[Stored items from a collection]
────────────────────
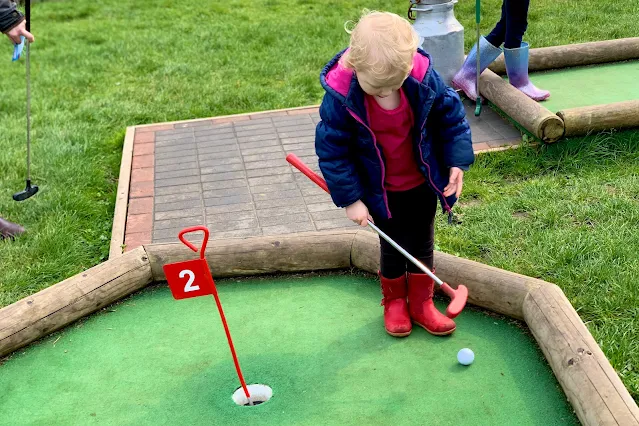 A preschooler playing mini golf and holding the club incorrectly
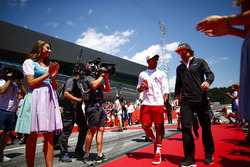 Grid Girls in national costume flank the drivers parade as Lewis Hamilton, Mercedes AMG F1, and Fernando Alonso, McLaren, pass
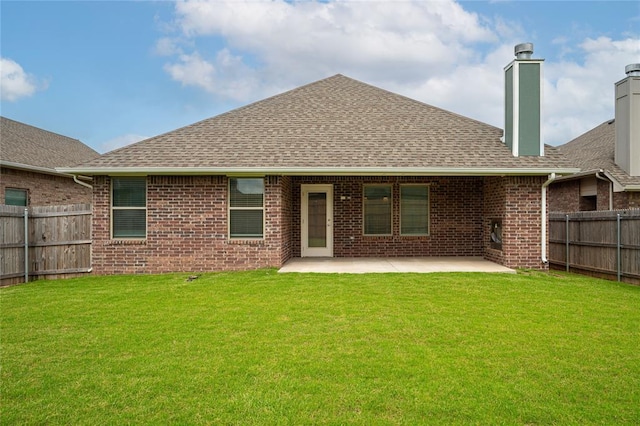 3808 Palmetto Trl, Oklahoma City, OK 73179 - rear view of house featuring brick siding, a shingled roof, a patio area, and a chimney
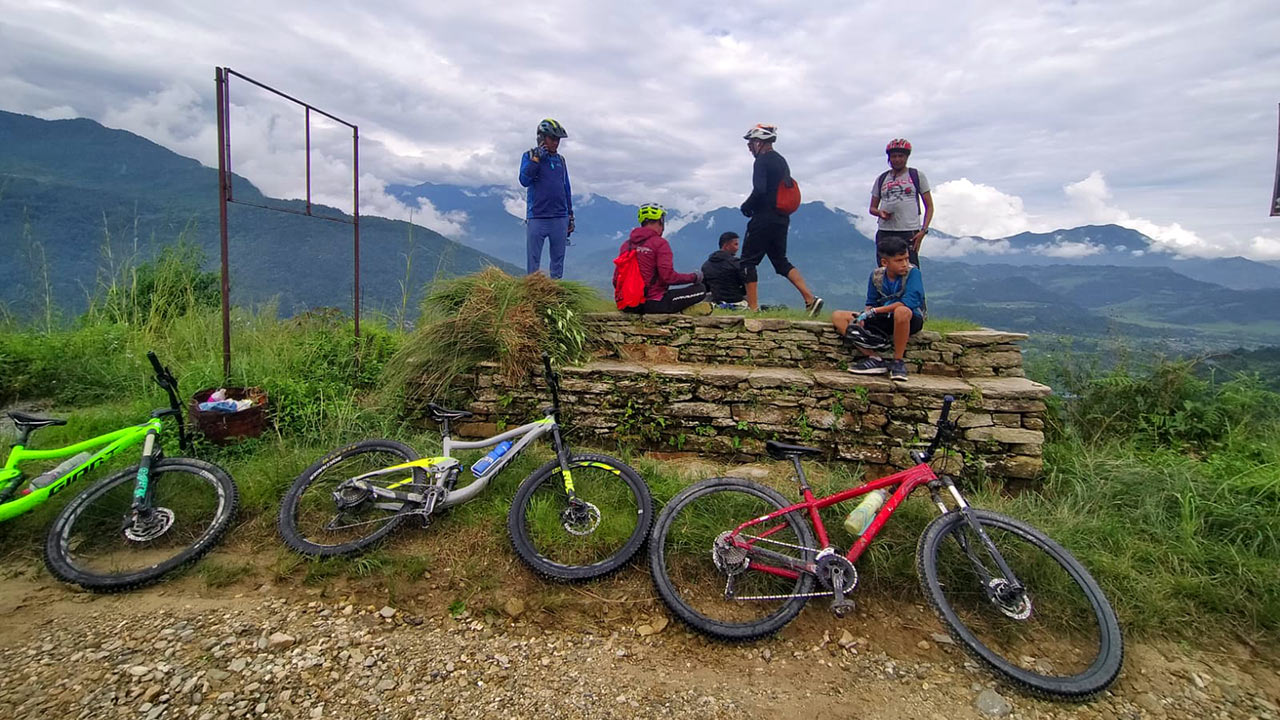 Mountain bikers are taking rest while their bikes are laid down on the ground.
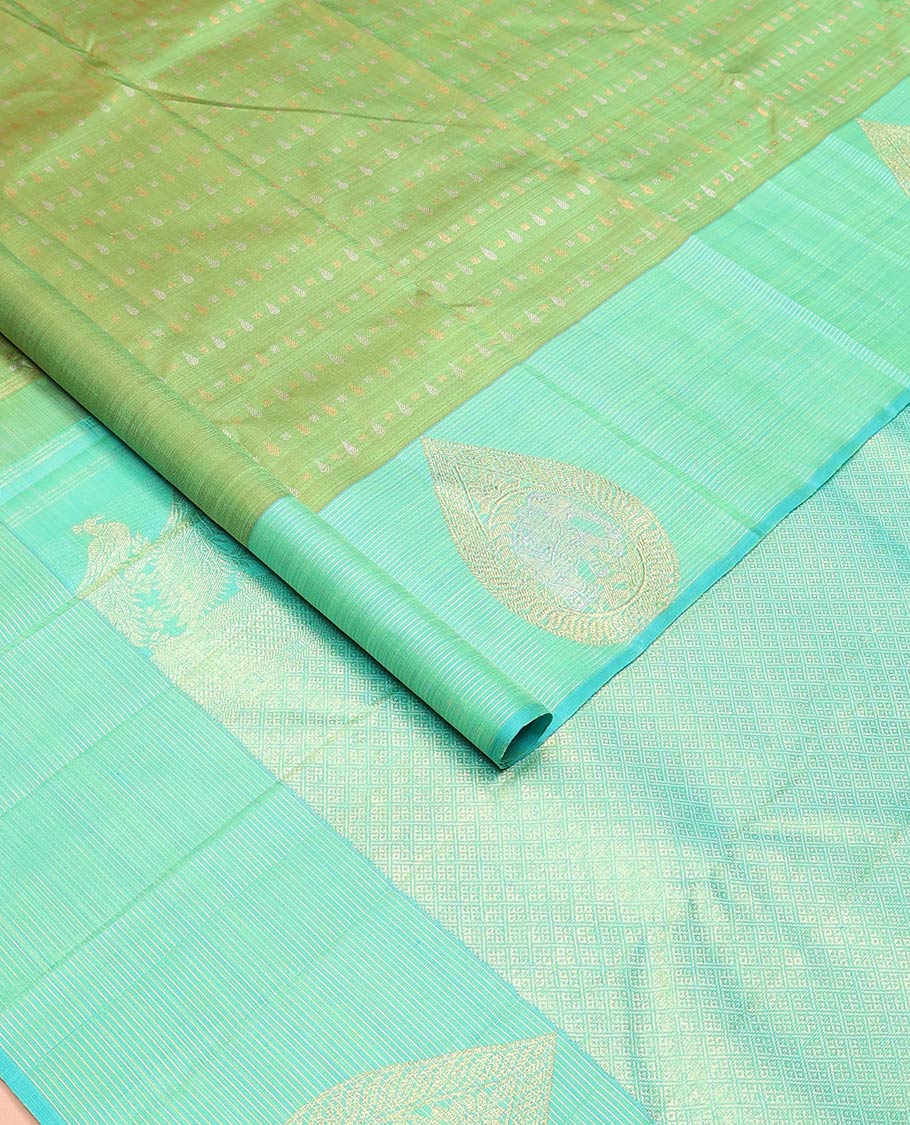 Green zari buttas Kanchipuram designer saree, contrast mayil butta enclosed thilakam design border, and jaal pallu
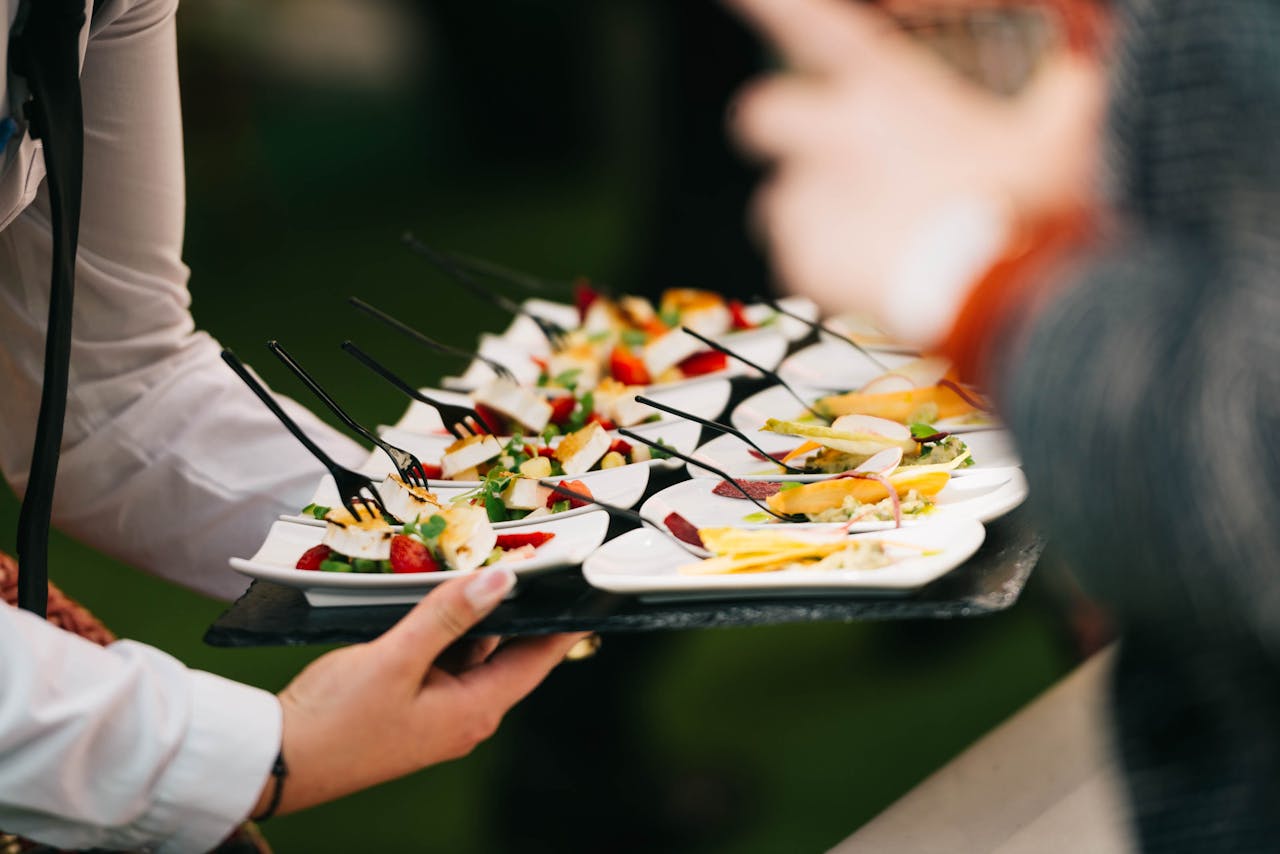 Elegant catering presentation with gourmet appetizers on a tray at a social event.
────────────────────
What needs to be done: The answer must be the lines above, word for word, from the first one through the line with "Mountain bikers are", pictures excluded.

Exercise solution:
 A preschooler playing mini golf and holding the club incorrectly
 Grid Girls in national costume flank the drivers parade as Lewis Hamilton, Mercedes AMG F1, and Fernando Alonso, McLaren, pass
 3808 Palmetto Trl, Oklahoma City, OK 73179 - rear view of house featuring brick siding, a shingled roof, a patio area, and a chimney
 Mountain bikers are taking rest while their bikes are laid down on the ground.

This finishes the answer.